WORK TASK — Retype the records word for word. Skip every image.
*** Opening SOURCE INFORMATION ***
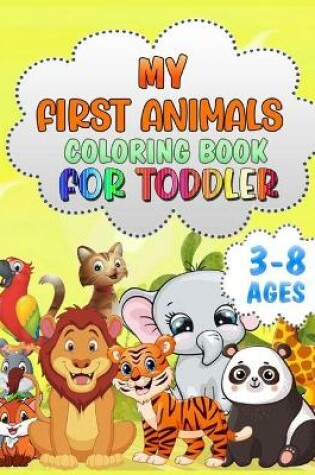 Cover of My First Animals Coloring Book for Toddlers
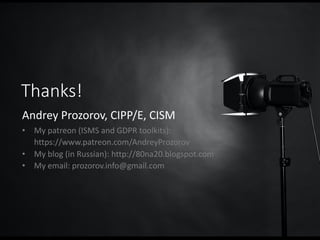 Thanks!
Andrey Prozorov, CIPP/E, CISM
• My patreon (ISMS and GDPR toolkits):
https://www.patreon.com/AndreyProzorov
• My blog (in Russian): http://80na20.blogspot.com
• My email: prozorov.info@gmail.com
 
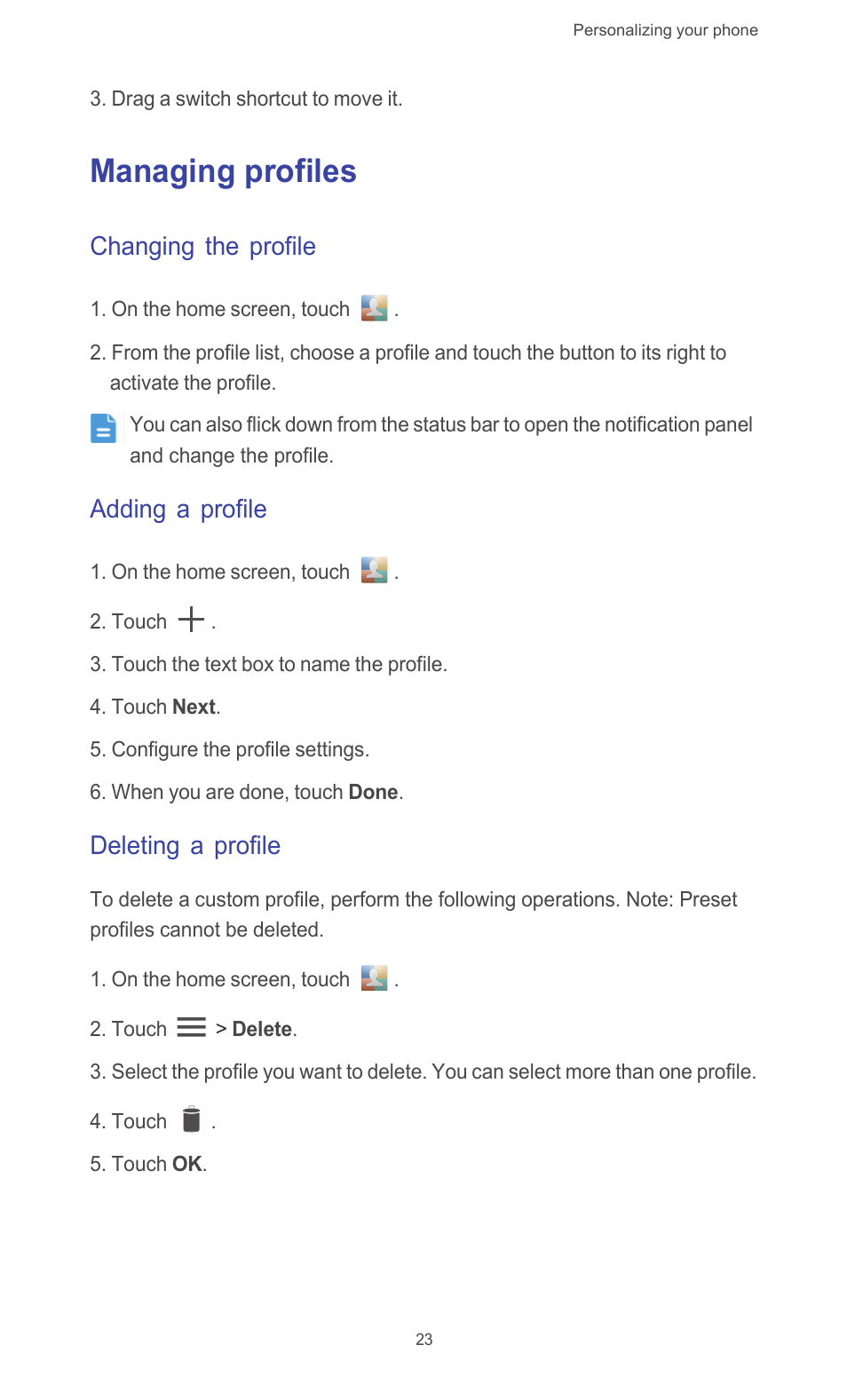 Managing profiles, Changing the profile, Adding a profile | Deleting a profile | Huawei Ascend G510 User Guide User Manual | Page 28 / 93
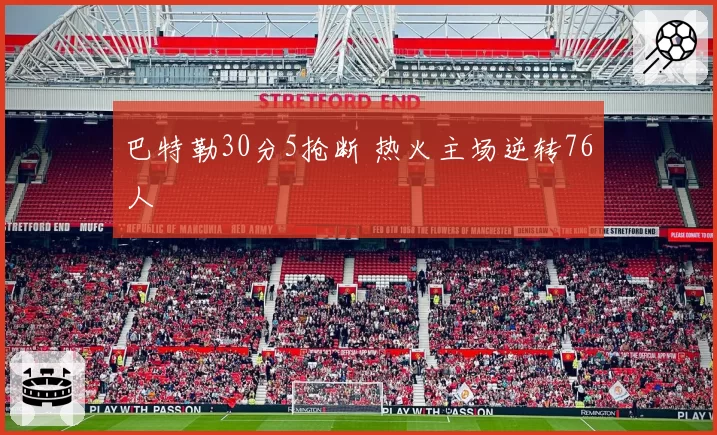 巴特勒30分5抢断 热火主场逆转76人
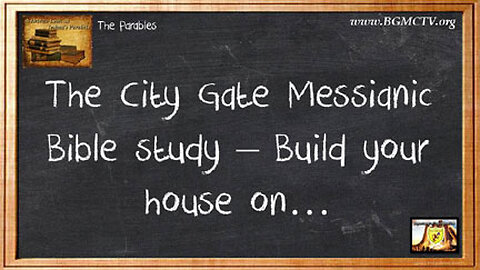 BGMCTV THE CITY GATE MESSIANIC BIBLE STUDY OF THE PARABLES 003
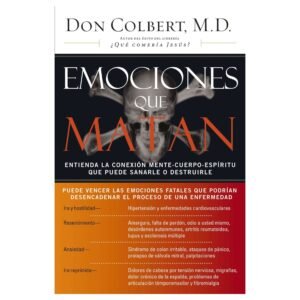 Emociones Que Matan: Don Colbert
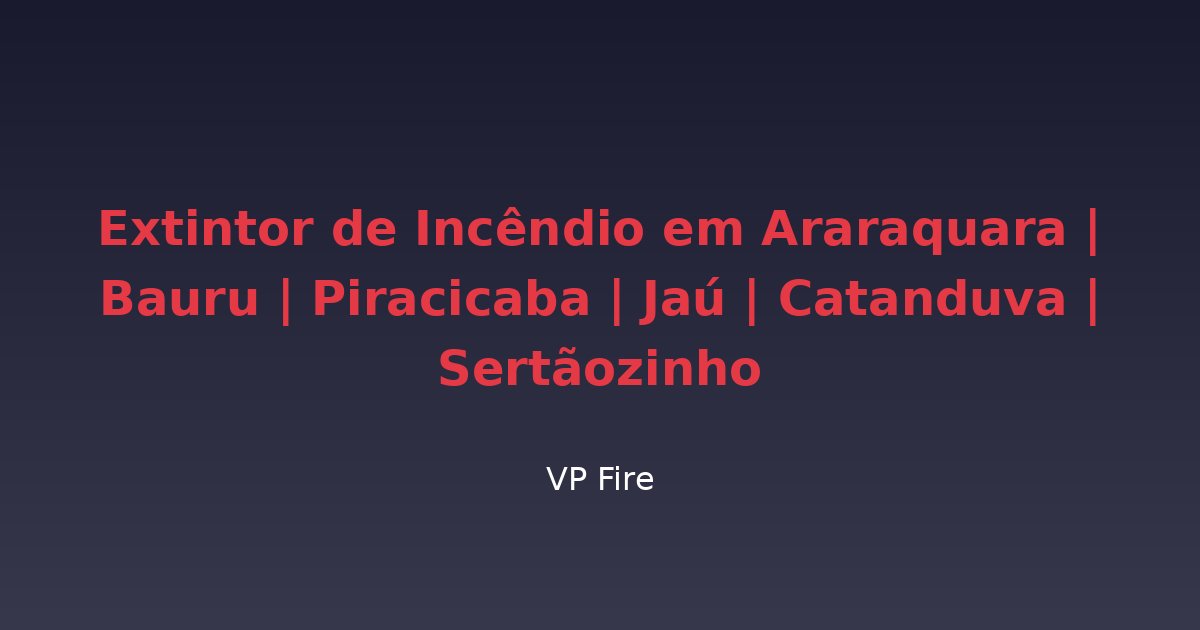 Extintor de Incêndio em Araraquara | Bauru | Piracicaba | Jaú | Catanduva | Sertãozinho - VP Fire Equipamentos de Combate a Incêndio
*** Closing SOURCE INFORMATION ***
ANSWER TO THIS TASK —
 Cover of My First Animals Coloring Book for Toddlers
 Thanks!
Andrey Prozorov, CIPP/E, CISM
• My patreon (ISMS and GDPR toolkits):
https://www.patreon.com/AndreyProzorov
• My blog (in Russian): http://80na20.blogspot.com
• My email: prozorov.info@gmail.com
 
 Managing profiles, Changing the profile, Adding a profile | Deleting a profile | Huawei Ascend G510 User Guide User Manual | Page 28 / 93
 巴特勒30分5抢断 热火主场逆转76人
 BGMCTV THE CITY GATE MESSIANIC BIBLE STUDY OF THE PARABLES 003
 Emociones Que Matan: Don Colbert
 Extintor de Incêndio em Araraquara | Bauru | Piracicaba | Jaú | Catanduva | Sertãozinho - VP Fire Equipamentos de Combate a Incêndio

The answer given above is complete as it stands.